Because the Johnson & Johnson vaccine requires only one dose and doesn’t have to be stored at ultra-cold temperatures, as the Pfizer and Moderna vaccines do, it “gives a chance to take the product into the neighborhoods,” Hackel said. “That’s a huge advantage for us right now.”

Macomb County, he said, expects to get about 5,800 doses of the Johnson & Johnson vaccine this week; he’s hopeful that the addition of a third vaccine to the supply chain won’t encourage state health officials to further expand eligibility for COVID-19 vaccines just yet.

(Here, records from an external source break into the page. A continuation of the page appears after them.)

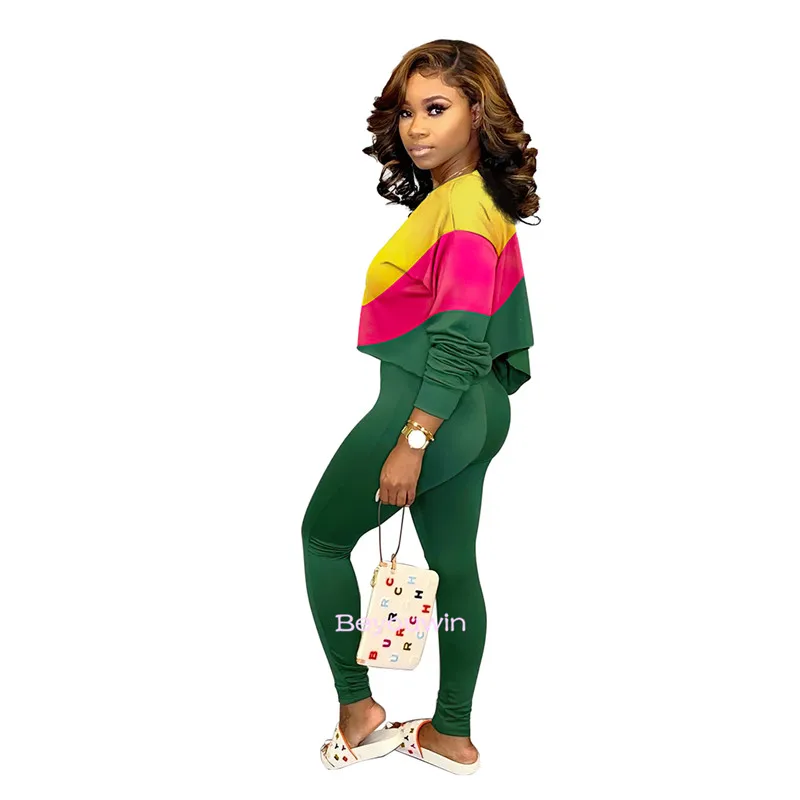 100 шт/партия Модный женский спортивный комплект одежды юный вид толстовки для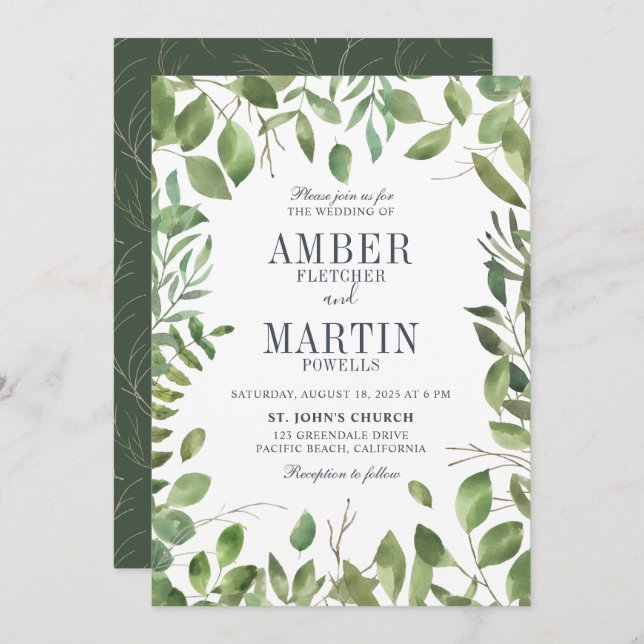 Greenery Foliage Leafy Wedding Invitation (Front/Back)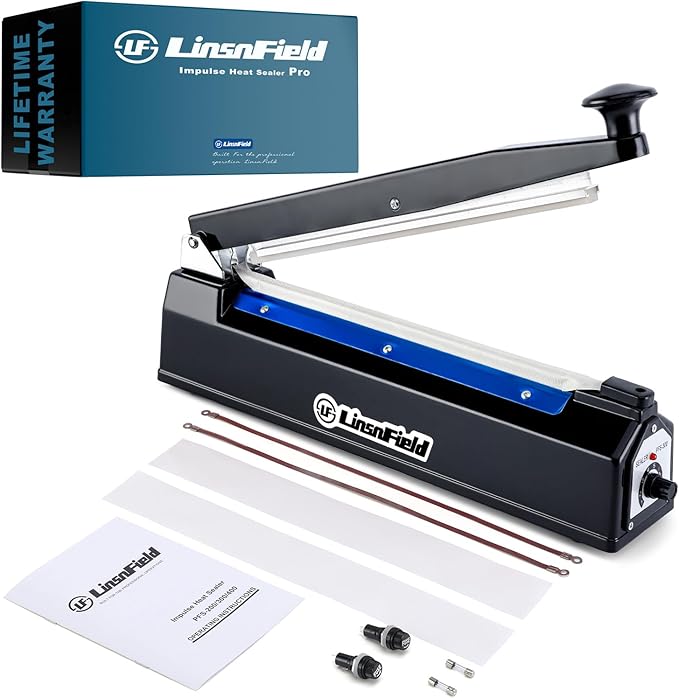 Sealer Pro, 8-inch Impulse Heat Sealer, 2-mm Sealing Width Super Heavy Duty Bag Sealing Machine with Extra 2 Replacements,Black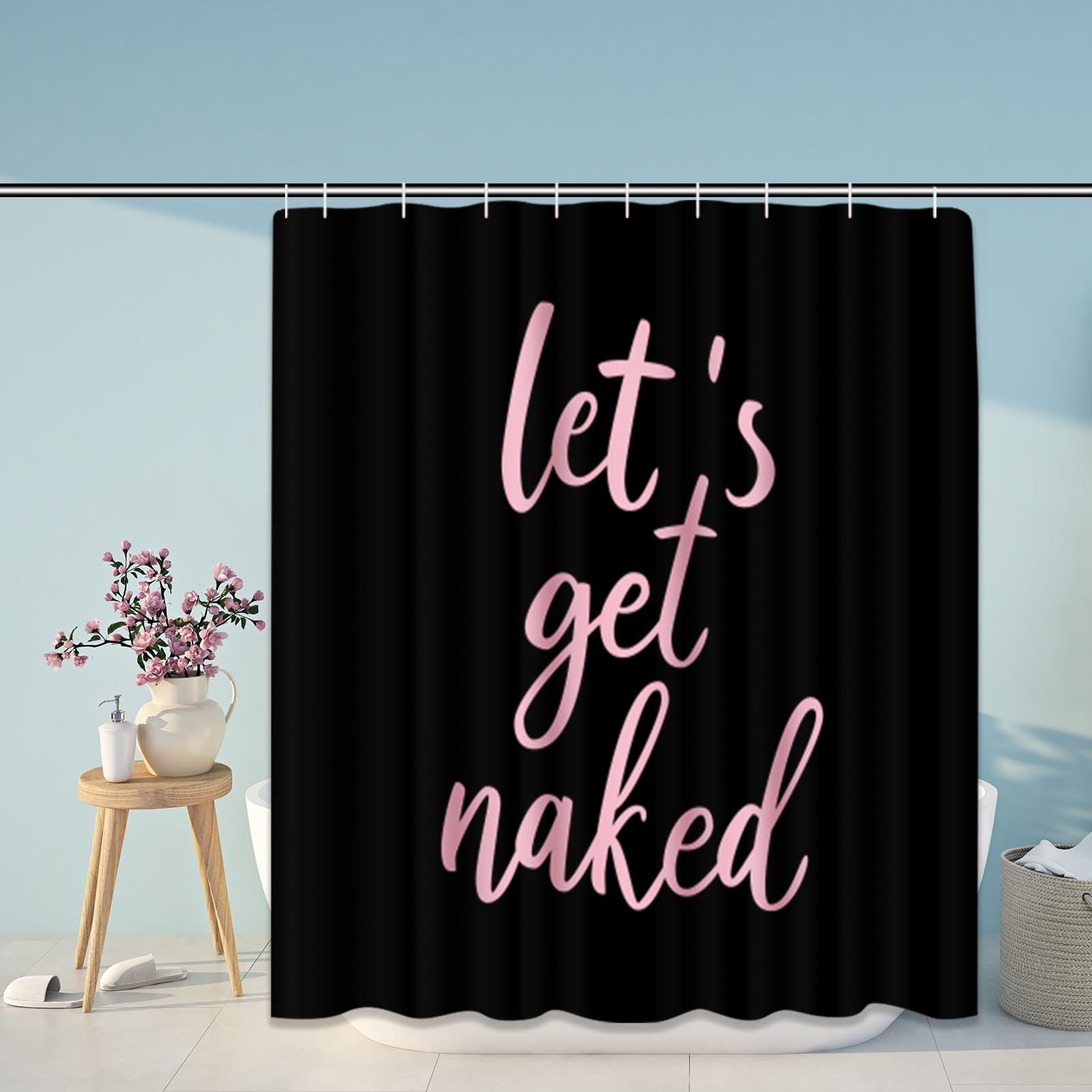 Artsocket 4Pc Pink Let'S Get Naked Shower Curtain Sets Black Bathroom Decor With Rugs, Non-Slip Rug,Toilet Lid Cover, Bath Mat A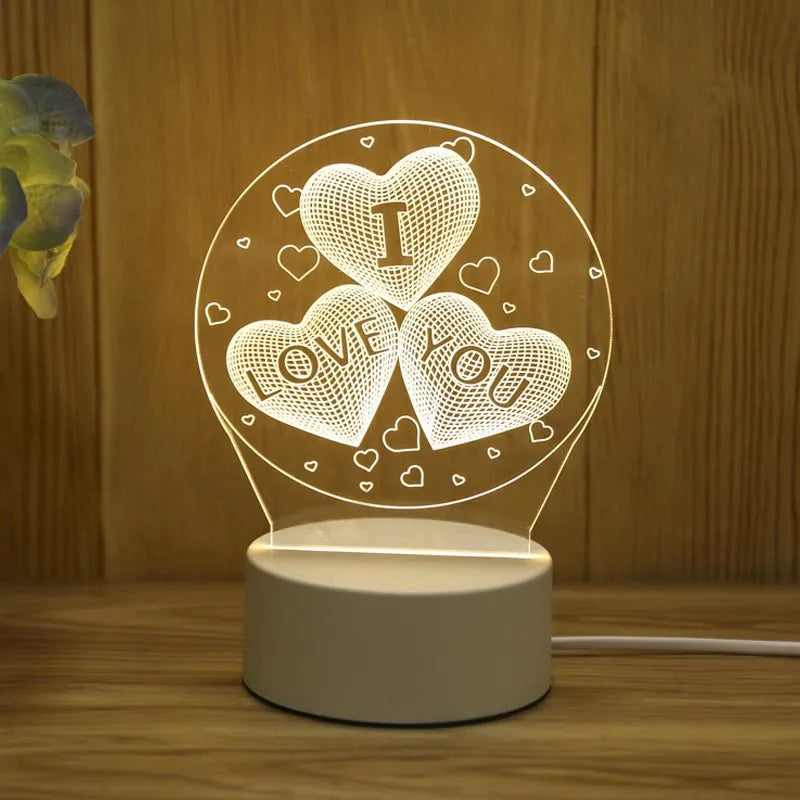 Romantic Love 3D Acrylic LED Night Light – Table Lamp for Bedroom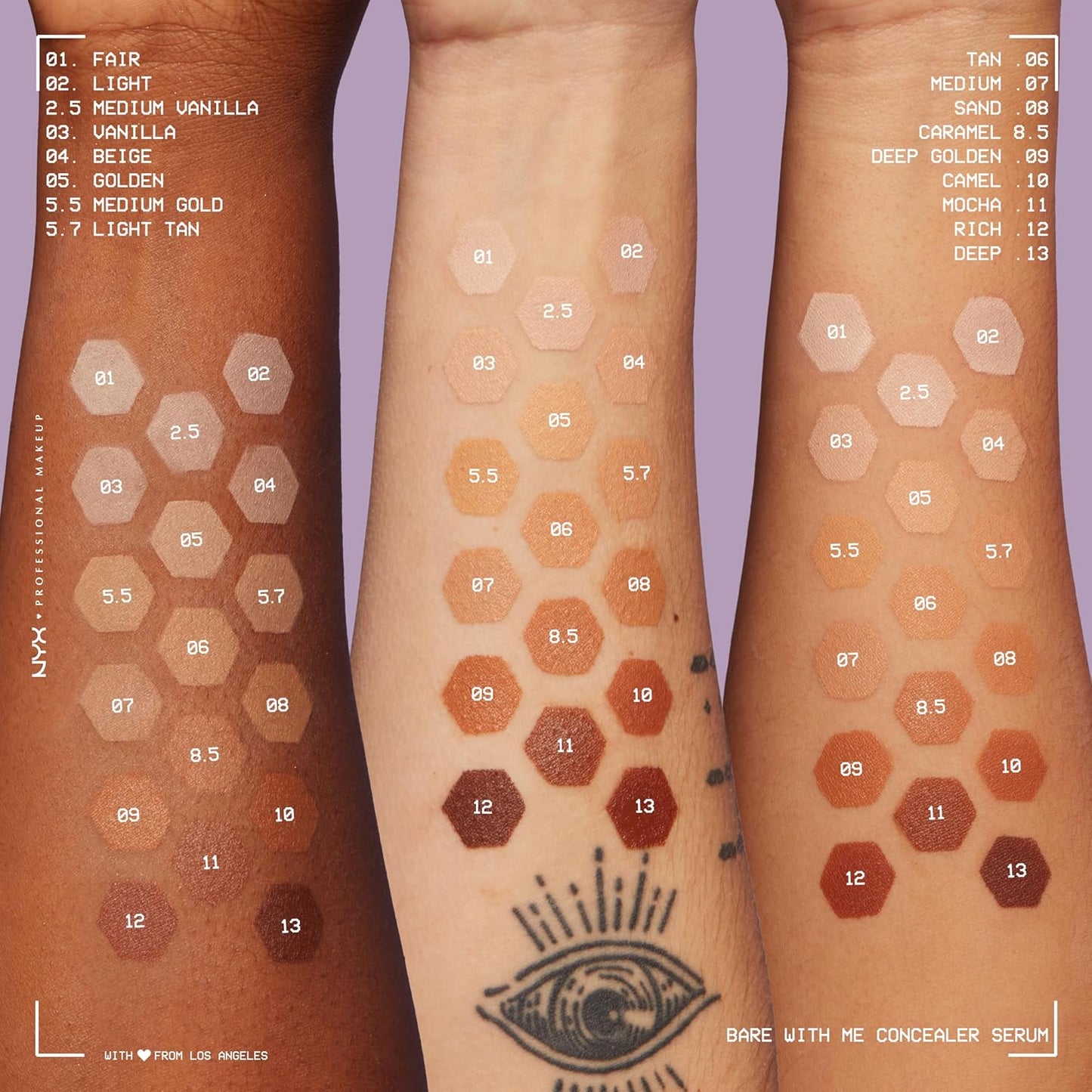 NYX PROFESSIONAL MAKEUP Bare With Me Concealer Serum, Up To 24Hr Hydration - Caramel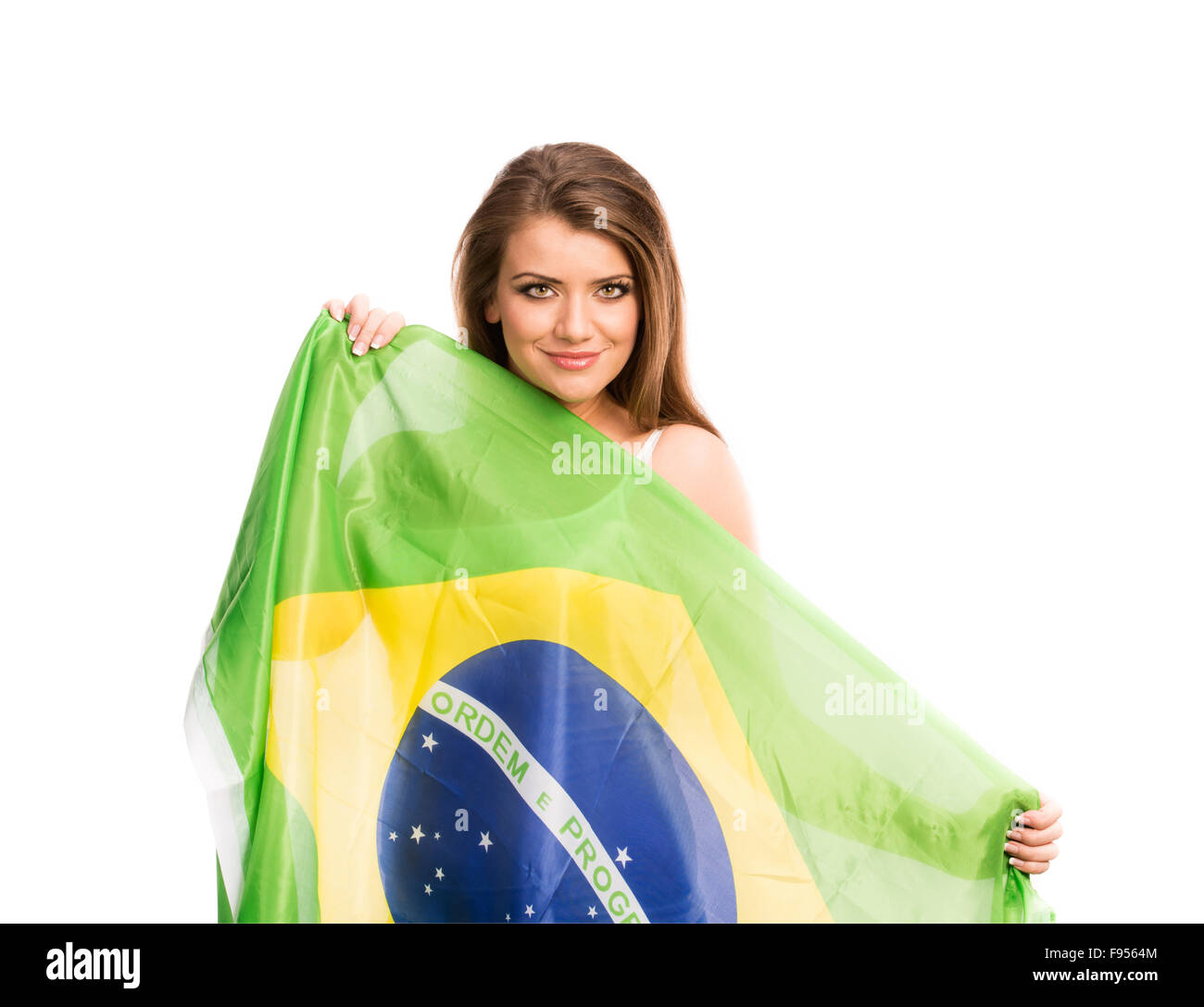 Schöne weibliche Sportfan mit brasilianischen Flagge isoliert auf weißem Hintergrund Stockfoto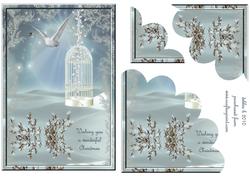 Silvery Images of Christmas Shell Edge Corner Stacker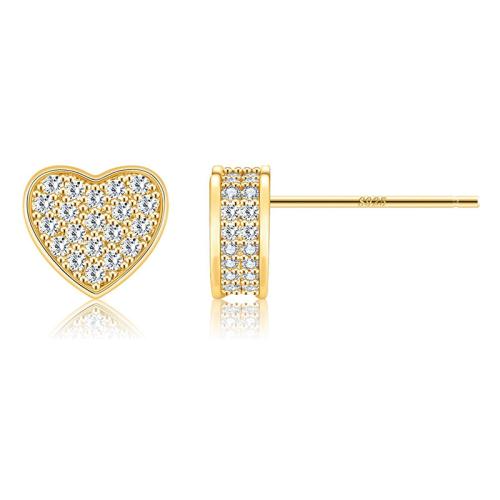 Cubic Zirconia Micro Pave Sterling Silver Earring, 925 Sterling Silver, Heart, fashion jewelry & micro pave cubic zirconia & for woman, Sold By Pair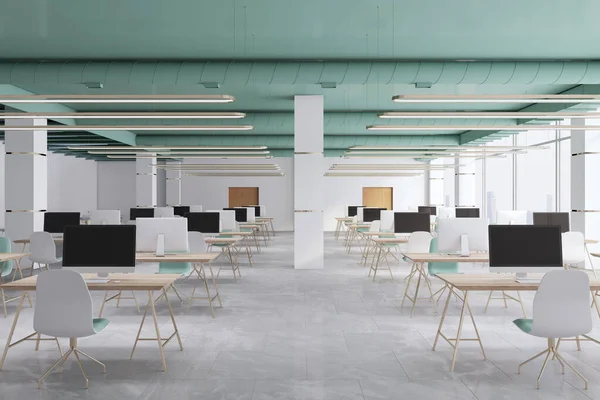 Contemporan Birou Coworking Din Beton Lemn Sau Interior Clasă Echipamente — Fotografie, imagine de stoc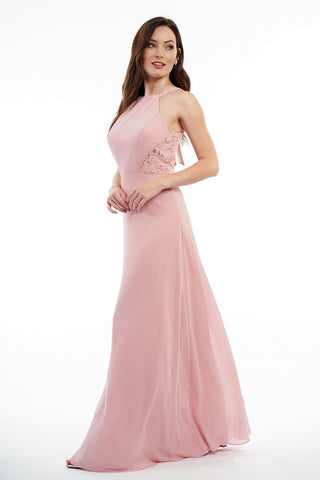 Blush Pink Oval Backless Halter Maxi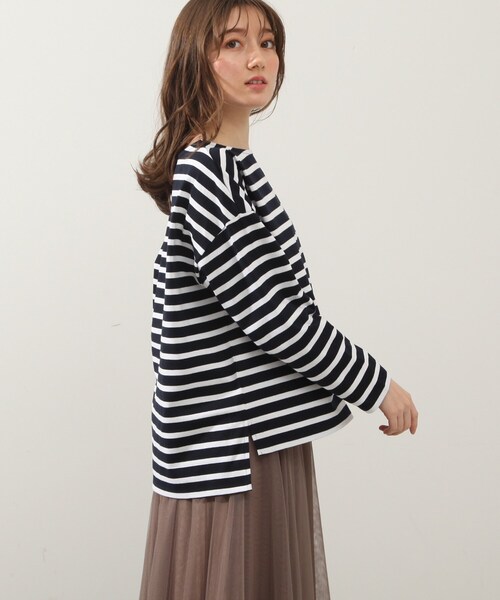 DRESKIP（ドレスキップ）の「◆ボーダーボートネックプルオーバー（Tシャツ/カットソー・レディース・グリーン系3/ネイビー系2/ピンク系/ホワイト系5・02/03/04）」の13枚目の写真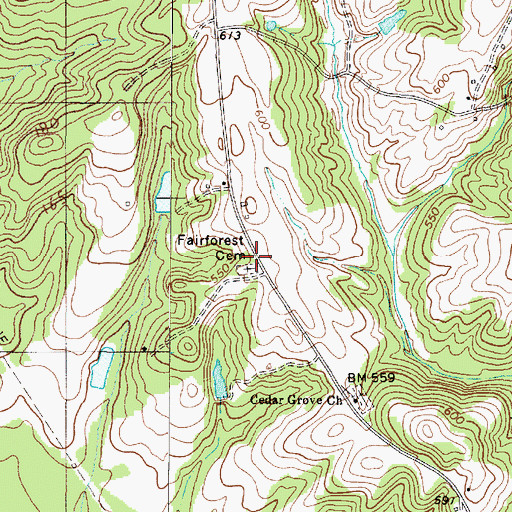 Topographic Map of Fairforest Baptist Church (historical), SC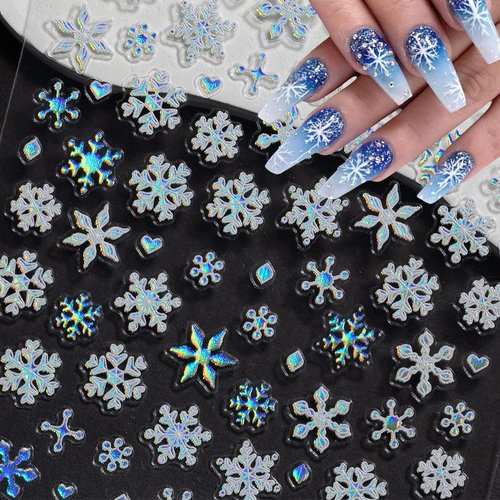 5D Embossed Christmas Laser Nail Stickers for Nail Art Holographic Blue White Snowflake Self-Adhesive Nail Decals Winter Bronzing Nail Art Supplies Christmas Acrylic Nail Art Stickers for Women Kit
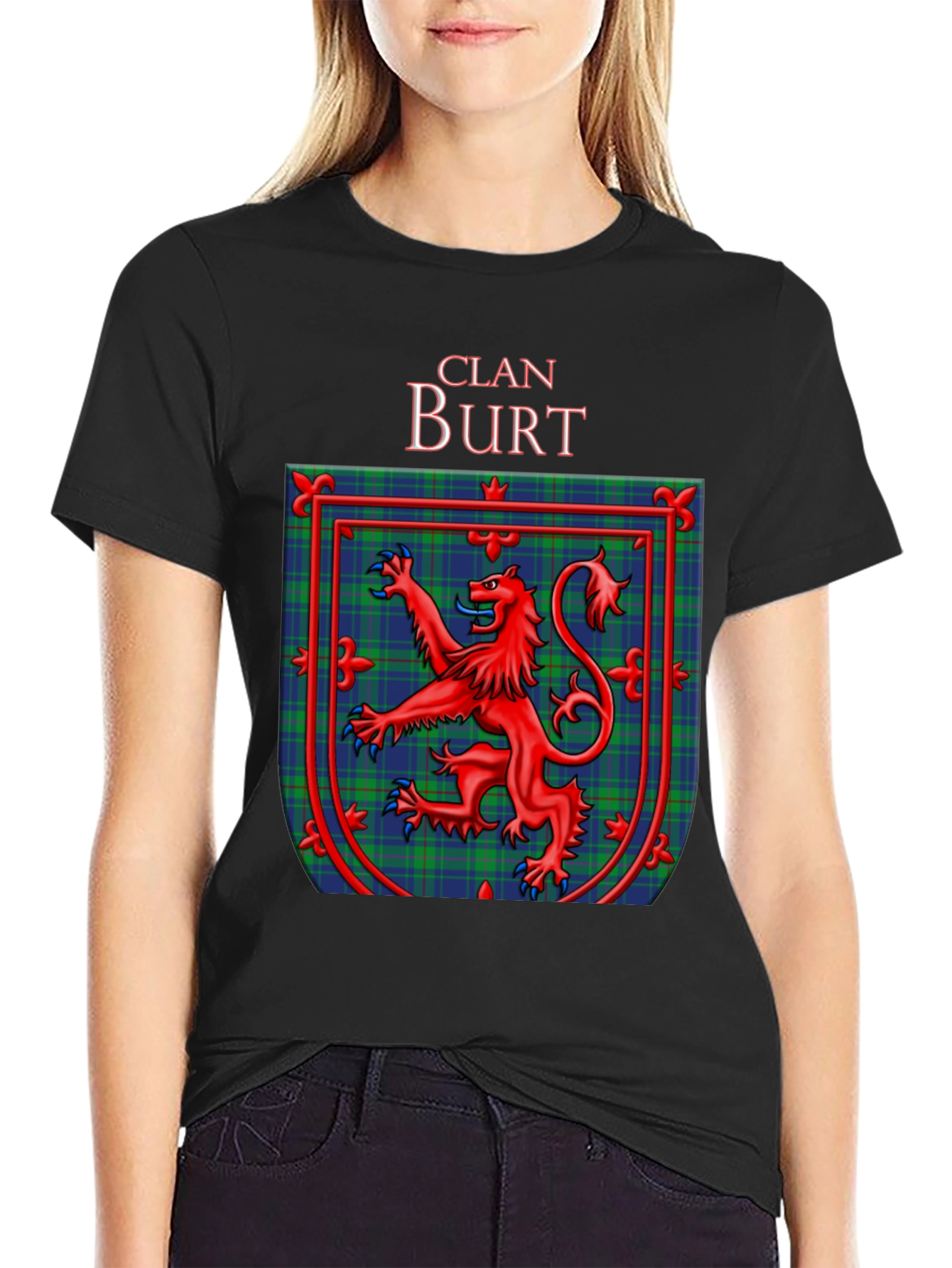 Clan Burt Scottish Tartan Crest Black T-Shirt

“I’m hoping they let us catch up with 1A (priority group), congregate care, specific seniors (who) can’t get out,” he said, before opening up eligibility to more people.

Mark Hackel, Macomb County executive

Mark Hackel, Macomb County executive.

Hundreds of thousands of people remain on a waiting list for a vaccine through Oakland County’s Health Division, and appointments for shots through the Macomb County Health Department are snapped up in minutes each Tuesday morning when its COVID-19 vaccine hotline opens up.

The state Department of Health and Human Services “has provided prioritization guidance to all vaccine providers and has encouraged providers to prioritize individuals age 65 and older as this age group accounts for 80% of COVID deaths,” Sutfin said.

Eligible for shots in Michigan now are health care workers, people living in long-term care facilities, law enforcement officers, teachers, child care workers, agricultural workers, and people ages 65 and older.

Sutfin acknowledged, however, that some local health departments have added other groups of people to the priority list. The city of Detroit, for example, is now vaccinating any resident 60 and older and will also offer immunizations to anyone 55 and older — no matter where they live — who drives a Detroiter to a vaccine appointment. It’s part of the city’s Good Neighbor program.

“Local health departments have the option to prioritize the groups within the guidance they feel are most at risk and at highest need of vaccination,” Sutfin said. “No shot in the arm is ever wasted as getting this vaccine is our way out of the pandemic and returning to some sense of normalcy.”

Dr. Anthony Fauci, director of the National Institute of Allergy and Infectious Diseases and the chief medical advisor to President Joe Biden, said Monday that he hopes people won’t try to shop for vaccines when it’s their turn to get a shot.

Just because Moderna’s vaccine was shown to be 94% effective in Phase 3 trials and Pfizer’s was shown to be about 95% effective doesn’t mean Johnson & Johnson’s vaccine isn’t a good one.

“What vaccine is better than the other vaccine? In order to be able to determine that, you would have to compare them head to head,” Fauci said Monday. “This was not done. We have three highly efficacious vaccines that also … have a very good safety profile.”

Fauci said Sunday on “Meet the Press” that people should take the type of COVID-19 vaccine that’s available.

“I would take it,” he said. “I personally would do the same thing. I think people need to get vaccinated as quickly and as expeditiously as possible. And if I would go to a place where they had J&J, I would have no hesitancy whatsoever to take it.”